The larger claim would be that everything that we experience,
even our experiences of the outside world,
ultimately grounded in the predictive mechanisms that evolved and
and operate from moment to moment in service of regulating our bodily physiology.
That's a very deep connection between consciousness and life
that is not the same as saying that you have to be alive to be conscious
or that everything that is alive is conscious.
But it's saying that that's the way to understand how our conscious experiences are formed and shaped.
So since we're past the hour mark on the podcast, we can be a little bit more speculative
and not be as beholden to rigor as we were in the beginning parts.
So let me just, you said, I think, two things that I want to have different levels of signing
onto.
The part about how, in fact, our consciousness is enormously influenced by the fact that we live
in a body and the body lives in a world and we're getting inputs from inside and outside,
I'm 100% on that.
And I think that, in fact, I once proposed this as a solution to the Fermi paradox.
Why aren't there any aliens?
Because we all, because, you know, the idea would be that if you get sufficiently technologically advanced,
everyone uploads their brains into the computer.
And then when they are removed from the demands of living in an environment, right,
of eating and sleeping and all those things, we decide that, you know, there's just no point in
anymore and we don't do anything. We don't ever leave the planet. It's become sort of a
meaningless nirvana and we don't explore the galaxy. But this begs the question of whether
not uploading is a thing that could happen. And you raise this other issue of the substrate
independence, which I'm less on board with a little bit. There are people we had Nick Bostrom
on the podcast who thinks we could be in a simulation. Maybe rain,
is substrate independent. If you simulate rain accurately enough, it's just as good.
David Chalmers, of all people, makes the argument that things that happen in a simulation
are just as real as things that happened in the real world. So do you see a distinction between
those two parts of the argument, or do they sort of group together in your mind?
I'm a bit suspicious of this simulation argument of Nick Bostrom. So for me, the logic runs a bit
the other way around that the possibility of us living within a simulation requires substrate
independence to be true.
That's just, that's one, and that's, that's one of the assumptions that in Nick's presentations
of the argument, he does sort of skate over a bit and say, well, this is, this is a relatively
common assumption, and it's fine.
And we just have to worry about the other things about the likelihood of civilization getting
to the stage where we have all these descendants who are for some.

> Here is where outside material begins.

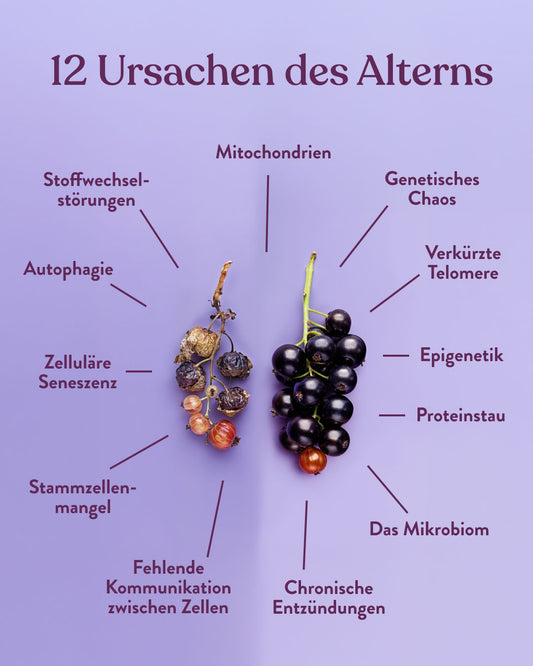 Die 12 Ursachen des Alterns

reason interested in building ancestor simulations and so on. But before even getting there, I just
don't think it's a safe assumption that substrate independence is true. If it were to be true,
then indeed it might be harder to really know whether we are in some sort of base reality or
in some simulation. But I think in terms of assigning prior credencies to these sorts of things,
I think it's much more likely that we, that substrate.
Actually, this could be construed as a good argument for why consciousness must be substrate
dependent, because if consciousness is substrate independent, then maybe the simulation argument
holds up and we're living in a simulation, and I don't want to reach that conclusion.
Therefore, consciousness must be substrate dependent.
Not a very good argument about output it out there.
Maybe some people will like it.
Yeah, well, you know, I always encourage the listeners to be good Bayesian's one way or the other.
And I think you've lived up to that goal, just bringing up our prior credences right there.
So setting a good example for everyone out there thinking about emergence and consciousness.
Anil Seth, thanks so much for being on the Mindscape podcast.
Thank you, Sean. It is a real pleasure and a privilege. Thank you.